[Data under study]:

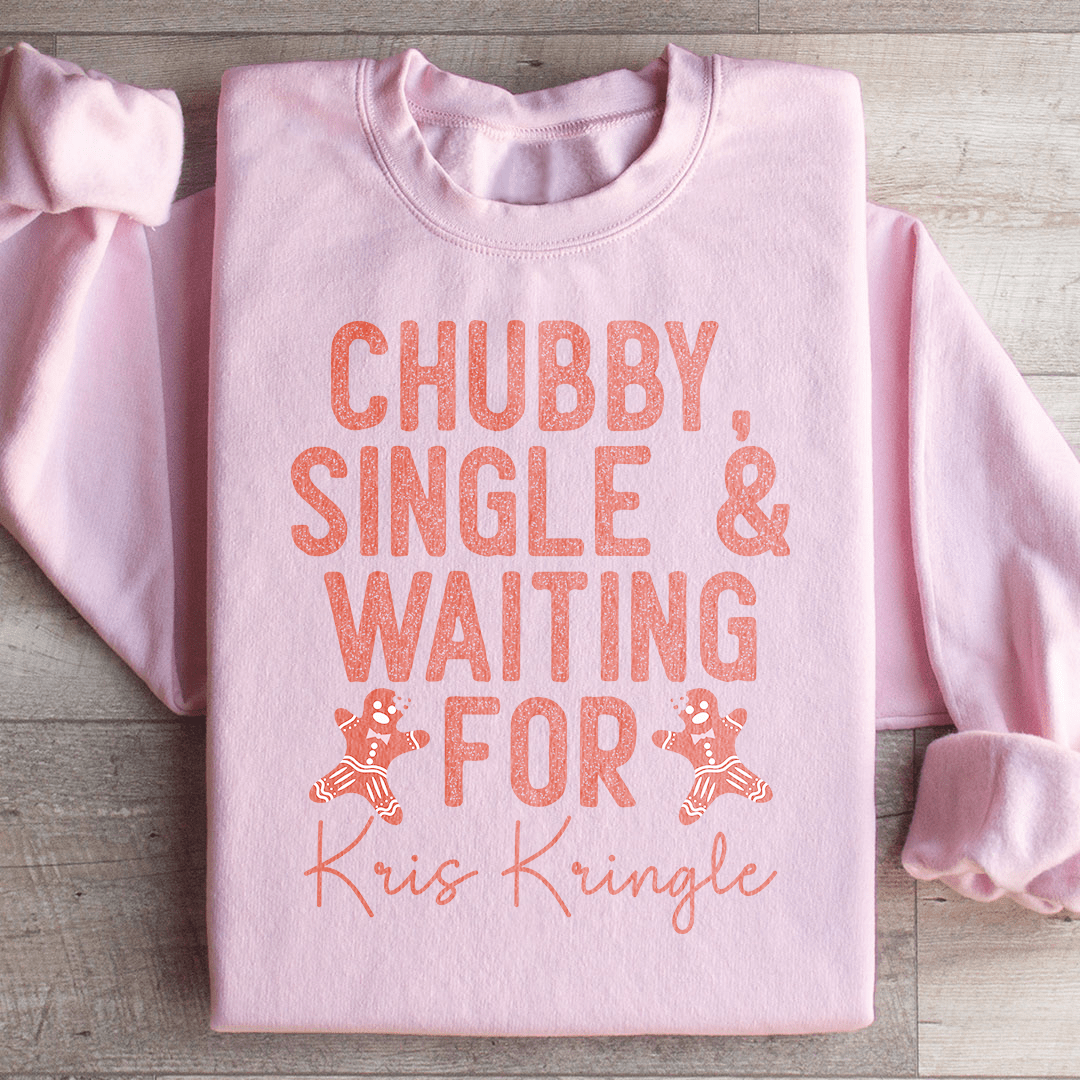 Chubby Single & Waiting For Kris Kringle shopmerchmallow Chubby Single & Waiting For Kris Kringle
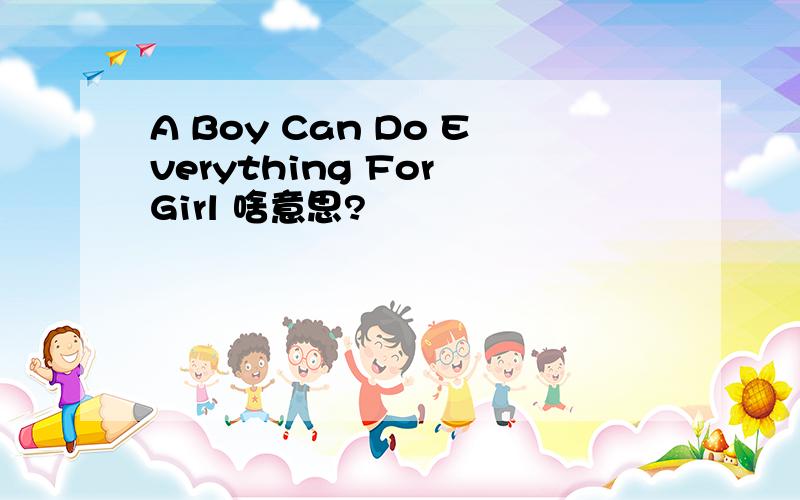 A Boy Can Do Everything For Girl 啥意思?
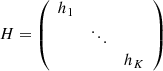$$ \begin{aligned} H = \left( \begin{array}{ccc} h_1 \\&\ddots \\&\,&h_K \end{array} \right) \end{aligned} $$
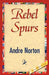 Rebel Spurs by Andre Norton, Andre Norton, 1stworld Library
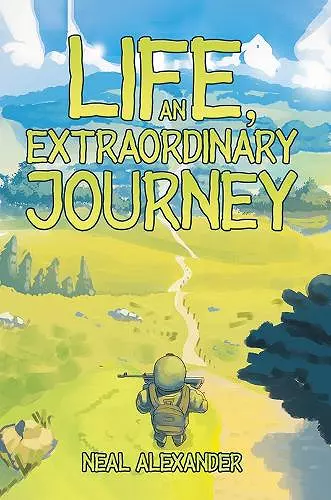 Life, an Extraordinary Journey cover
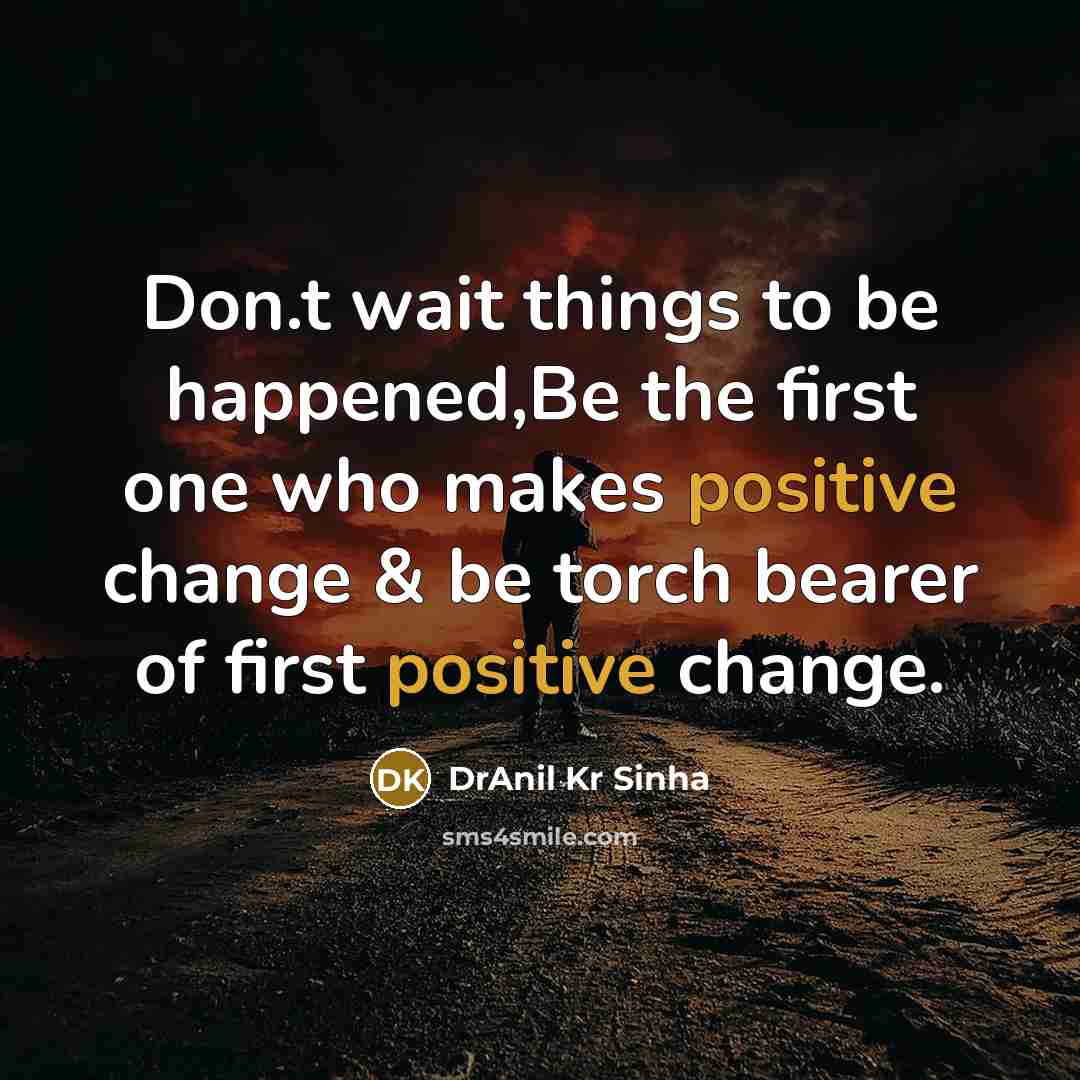 “Don.t wait things to be happened,Be the first one who makes positive change & be torch bearer of first positive change.” quote by DrAnil Kr Sinha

[Task statement]: Find the line with "A Boy Can Do Everything For Girl 啥意思?" in the listing and extract it and all lines after it through the end, exactly, without the pictures.

[Exercise result]:
 A Boy Can Do Everything For Girl 啥意思?
$$ \begin{aligned} H = \left( \begin{array}{ccc} h_1 \\&\ddots \\&\,&h_K \end{array} \right) \end{aligned} $$
 Rebel Spurs by Andre Norton, Andre Norton, 1stworld Library
 Life, an Extraordinary Journey cover
 “Don.t wait things to be happened,Be the first one who makes positive change & be torch bearer of first positive change.” quote by DrAnil Kr Sinha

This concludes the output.